* [INSTRUCTIONS FOR THE TASK] The entries below contain pictures, which are to be left out; write out exactly, and only, the lines from the line with "locale commerciale in vendita a Porto Viro" up to and including the line with "Pull & Bear - Weiches, kastiges".

* [INPUT DATA]
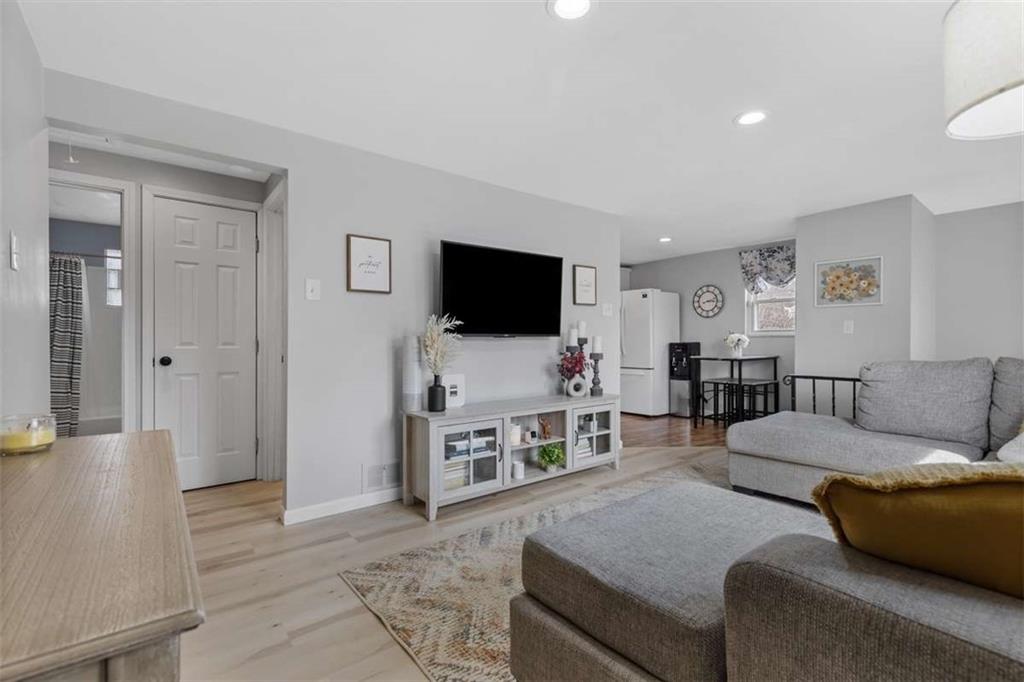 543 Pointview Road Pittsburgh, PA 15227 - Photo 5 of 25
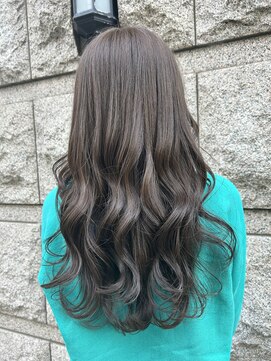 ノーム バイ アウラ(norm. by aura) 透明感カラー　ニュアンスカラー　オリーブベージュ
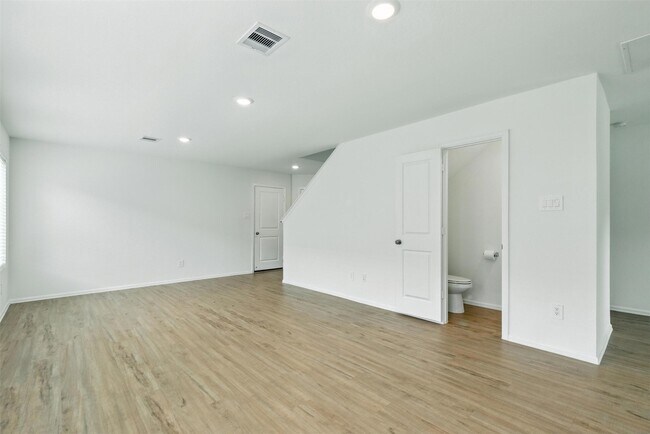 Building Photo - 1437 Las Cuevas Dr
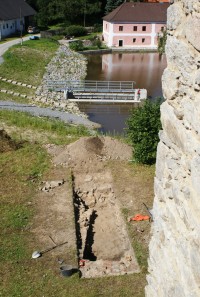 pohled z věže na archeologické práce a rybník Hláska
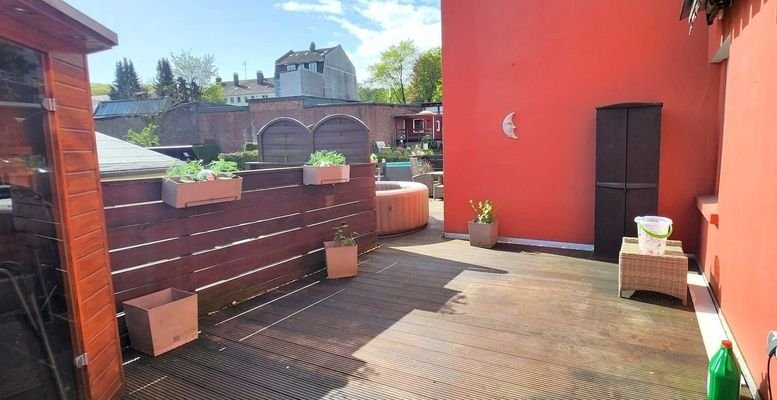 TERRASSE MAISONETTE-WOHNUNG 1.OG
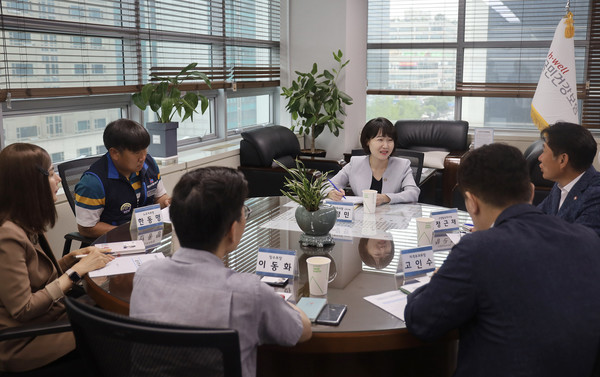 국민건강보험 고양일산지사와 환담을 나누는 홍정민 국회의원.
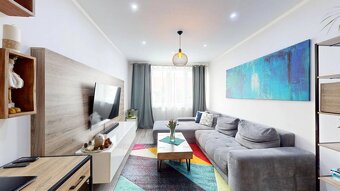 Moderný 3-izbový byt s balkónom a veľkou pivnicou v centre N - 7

==

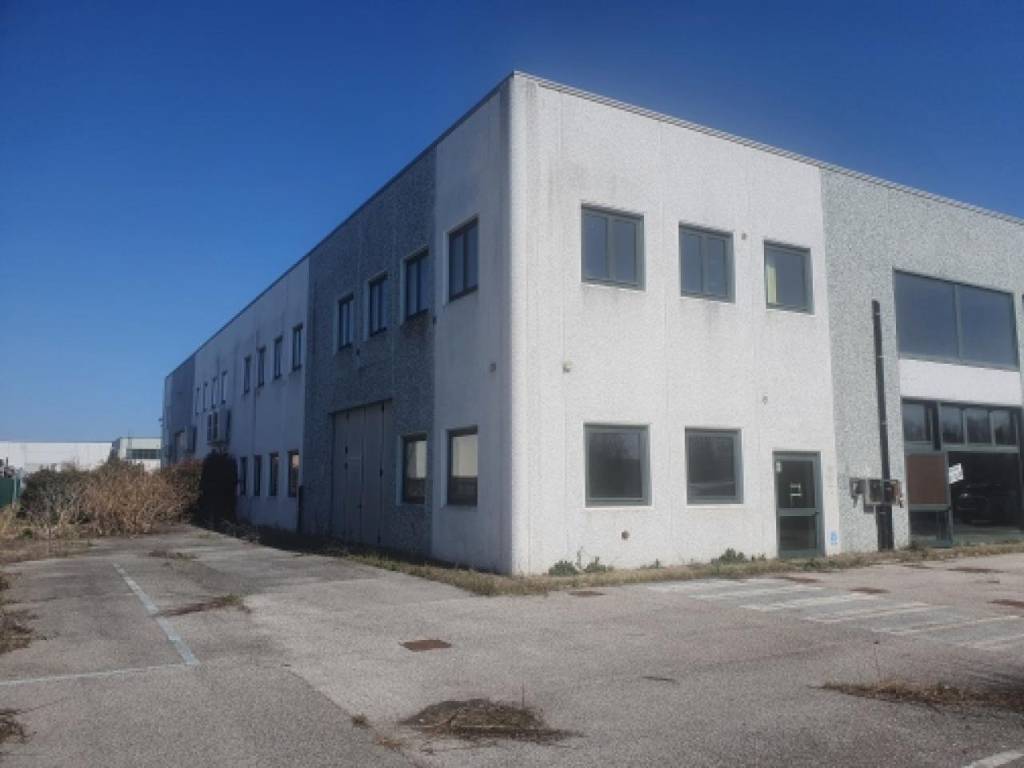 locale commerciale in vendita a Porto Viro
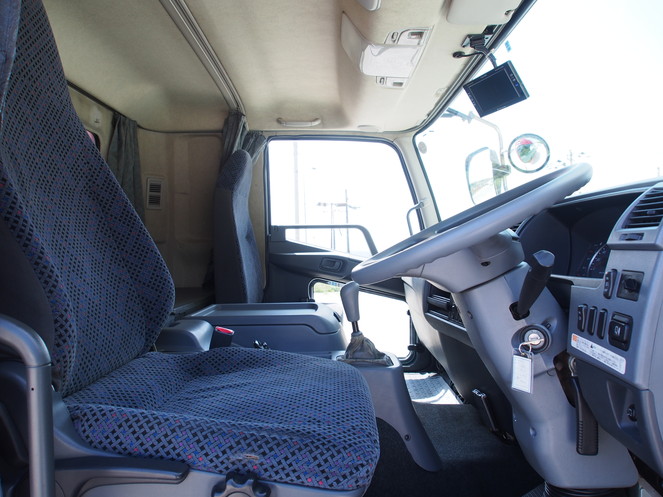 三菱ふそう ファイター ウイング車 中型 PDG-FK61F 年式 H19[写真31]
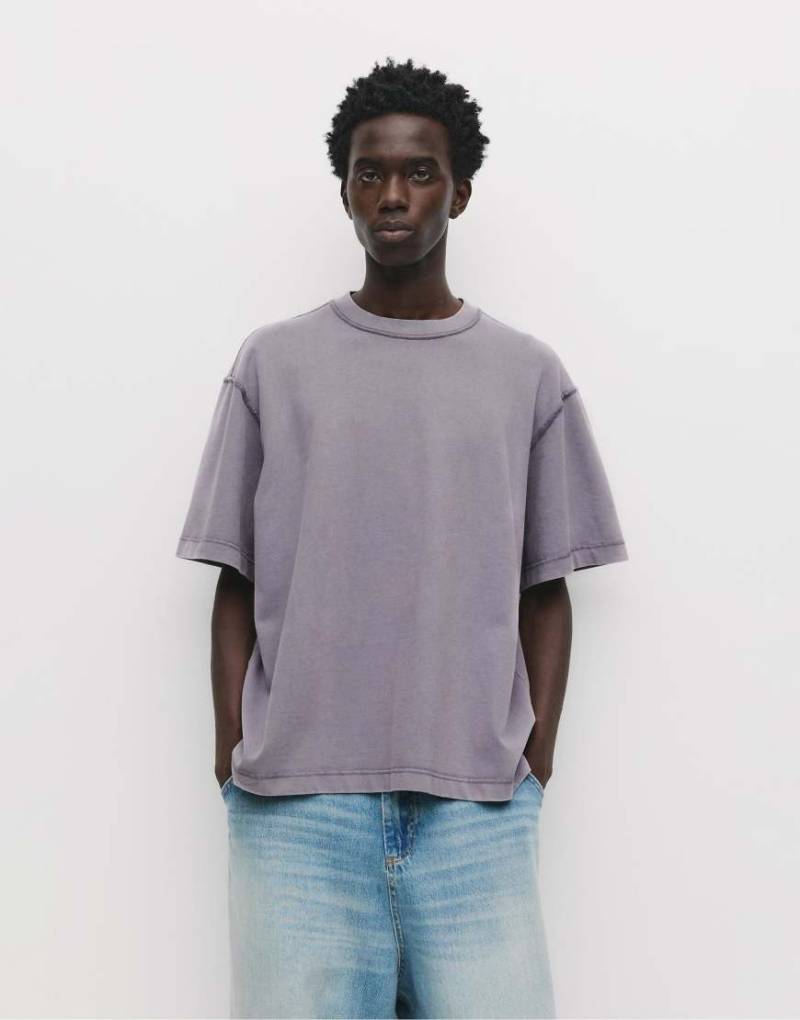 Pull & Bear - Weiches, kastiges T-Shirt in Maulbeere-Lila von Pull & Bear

* [TASK RESPONSE]
 locale commerciale in vendita a Porto Viro
 三菱ふそう ファイター ウイング車 中型 PDG-FK61F 年式 H19[写真31]
 Pull & Bear - Weiches, kastiges T-Shirt in Maulbeere-Lila von Pull & Bear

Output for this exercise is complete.